Pressemitteilung

FOCUS Top-Rehakliniken: Das ENDO Rehazentrum ist zum fünften Mal dabei

Hamburg

Das Magazin FOCUS-Gesundheit bescheinigt dem ENDO Rehazentrum erneut, dass es in Deutschland eine der Top-Adressen zur Rehabilitation orthopädischer Erkrankungen ist.

Seit 2016 weist FOCUS Gesundheit jährlich die besten Rehakliniken des Landes auf der renommierten FOCUS Klinikliste aus. Das ENDO Rehazentrum hat dabei auch in diesem Jahr wieder abgeräumt: Fünfmal wurde ihnen der Titel „Top Rehaklinik Orthopädie“ verliehen.

Damit attestiert das Magazin dem ENDO Rehazentrum eine überdurchschnittliche Behandlungs- und Strukturqualität, ein breites Therapieangebot und hohe Hygienestandards.

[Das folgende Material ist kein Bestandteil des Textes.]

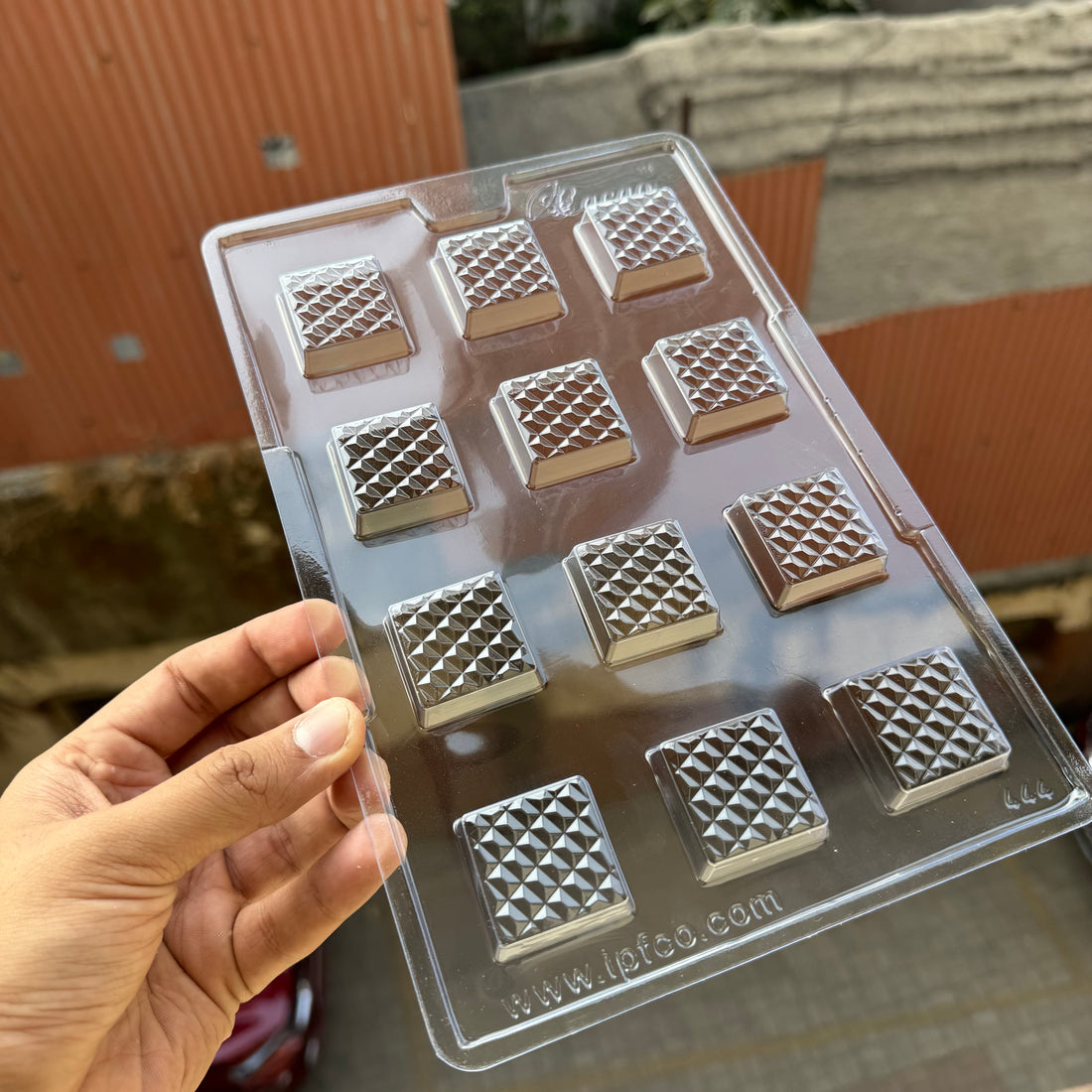 Geometric Square Chocolate PVC Mould Eid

„Für uns ist diese bundesweit erstklassige Platzierung eine fachliche Bestätigung der hervorragenden Arbeit aller Mitarbeiterinnen und Mitarbeiter unseres Rehazentrums und ein Gütesiegel für die ausgesprochen hohe Qualität der Behandlung unserer Patienten“, so Dr. Marc Sieder, Ärztlicher Leiter des ENDO Rehazentrums. „Die Auszeichnung ist für uns zudem ein Ansporn, unsere medizinische und therapeutische Qualität auf diesem hohen Niveau zu halten und immer weiter zu verbessern.“

Johannes Reich, Therapeutischer Leiter des ENDO Rehazentrums, betont: „Wir sind sehr stolz darauf, dass wir bereits zum fünften Mal in Folge ausgezeichnet werden. Der große Focus Reha-Klinikvergleich 2022 bestätigt unsere hohe, bereits mehrfach zertifizierte Qualität.“

 

Die FOCUS -Auszeichnung bietet aufgrund ihrer Popularität eine wichtige Orientierungshilfe für Menschen auf der Suche nach der für sie besten Rehaklinik. Vor sechs Jahren erschien erstmals das Sonderheft des FOCUS mit Deutschlands Top-Rehakliniken, um Betroffene bei der Auswahl einer geeigneten Rehaklinik zu unterstützen.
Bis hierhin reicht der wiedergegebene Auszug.